Review: The Mortal Prophets’ ‘Me and the Devil’ is a Nightmarish Ride

The Mortal Prophets
Me and the Devil
(self-release)
4 out of 5 stars

Videos by American Songwriter

Anyone having trouble getting to, or staying, asleep should proceed with caution when playing The Mortal Prophets’ debut album around bedtime. The band, actually frontman/singer/songwriter John Beckmann and some hired hands, craft a dark, portentous, and sure, nightmarish audio intensity guaranteed to send chills through listeners and interrupt almost anyone’s idea of a restful evening.

Which is the point.

The followup to Beckmann/The Mortal Prophet’s July 2022 EP, correspondingly called Stomp the Devil, appears four months later. It maintains and enhances the creepy, unsettling style, heightened by ex-Captain Beefheart guitarist Gary Lucas, displayed on the EP’s five tracks. The blueprint for these ten songs has Beckmann digging back, way back, into the dusky Americana catalog. He transforms traditional and generally well-known blues and gospel standards that already exuded ominous overtones, by infusing additional dread into them. Imagine a mash-up between Nick Cave and Morphine (whose saxist, Dana Colley, contributes to a song) and you’re close to the gloom and danger Beckmann conjures here.

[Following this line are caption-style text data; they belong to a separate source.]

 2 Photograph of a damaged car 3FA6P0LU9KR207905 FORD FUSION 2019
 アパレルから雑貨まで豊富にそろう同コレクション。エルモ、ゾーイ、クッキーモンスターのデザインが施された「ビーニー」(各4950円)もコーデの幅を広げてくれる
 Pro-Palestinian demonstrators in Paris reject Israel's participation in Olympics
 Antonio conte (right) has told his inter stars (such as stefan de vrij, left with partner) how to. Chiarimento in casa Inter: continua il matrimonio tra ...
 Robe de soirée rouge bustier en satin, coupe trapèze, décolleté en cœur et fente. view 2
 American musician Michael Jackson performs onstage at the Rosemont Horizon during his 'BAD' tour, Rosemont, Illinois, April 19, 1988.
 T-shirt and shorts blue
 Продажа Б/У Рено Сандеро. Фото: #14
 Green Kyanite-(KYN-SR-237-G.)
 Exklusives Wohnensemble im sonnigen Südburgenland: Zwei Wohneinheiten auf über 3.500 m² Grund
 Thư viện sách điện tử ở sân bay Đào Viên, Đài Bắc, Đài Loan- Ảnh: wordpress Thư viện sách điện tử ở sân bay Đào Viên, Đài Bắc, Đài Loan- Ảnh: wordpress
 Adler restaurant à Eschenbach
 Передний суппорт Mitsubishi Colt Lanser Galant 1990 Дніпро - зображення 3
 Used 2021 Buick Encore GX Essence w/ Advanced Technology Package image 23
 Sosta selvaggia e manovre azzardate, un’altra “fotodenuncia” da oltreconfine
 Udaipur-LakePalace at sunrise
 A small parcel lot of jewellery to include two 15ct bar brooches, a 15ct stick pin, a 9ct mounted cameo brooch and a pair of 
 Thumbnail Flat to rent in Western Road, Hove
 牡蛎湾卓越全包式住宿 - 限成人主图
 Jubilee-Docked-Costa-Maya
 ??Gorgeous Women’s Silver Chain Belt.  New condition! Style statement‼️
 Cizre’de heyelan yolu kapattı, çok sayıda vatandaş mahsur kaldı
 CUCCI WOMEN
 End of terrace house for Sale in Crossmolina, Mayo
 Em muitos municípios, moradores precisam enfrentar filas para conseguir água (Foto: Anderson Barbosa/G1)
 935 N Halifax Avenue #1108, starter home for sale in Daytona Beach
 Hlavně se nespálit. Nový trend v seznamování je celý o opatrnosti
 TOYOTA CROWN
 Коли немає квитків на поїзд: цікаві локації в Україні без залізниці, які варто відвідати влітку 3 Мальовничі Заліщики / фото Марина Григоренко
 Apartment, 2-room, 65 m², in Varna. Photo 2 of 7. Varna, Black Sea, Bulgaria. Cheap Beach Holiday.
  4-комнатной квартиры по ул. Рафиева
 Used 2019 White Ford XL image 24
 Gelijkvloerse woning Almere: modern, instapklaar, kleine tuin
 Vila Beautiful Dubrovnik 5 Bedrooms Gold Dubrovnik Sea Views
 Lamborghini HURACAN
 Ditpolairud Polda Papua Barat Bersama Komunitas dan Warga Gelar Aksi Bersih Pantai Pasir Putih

The intentions are instantly clear. Two Robert Johnson covers—the title track and “Crossroads”—find a seemingly possessed Beckmann moaning and elongating the words while swamp beats of the former, and sparsely skulking electronics of the latter, create a more imposing and lurid vision than arguably any other cover of these dusky relics.

Beckmann seems to be channeling the spirits of the dead as he transforms words we’ve heard many times before into concepts that feel doomy and often violent. The lyrics of Big Joe Williams’ “Baby Please Don’t Go” morph from pleading to challenging and even threatening just by the singer’s gravelly tone and the evil manner in which they are delivered. Son House’s “Death Letter,” describing the protagonist reading of his ex-lover’s demise, was never the most uplifting song. But accompanied by stripped-down slide guitar and a booming bass undercurrent, it’s even more morbid and upsetting as Beckmann intones I didn’t know I loved her until I let her down over eerie, dramatic acoustic guitars.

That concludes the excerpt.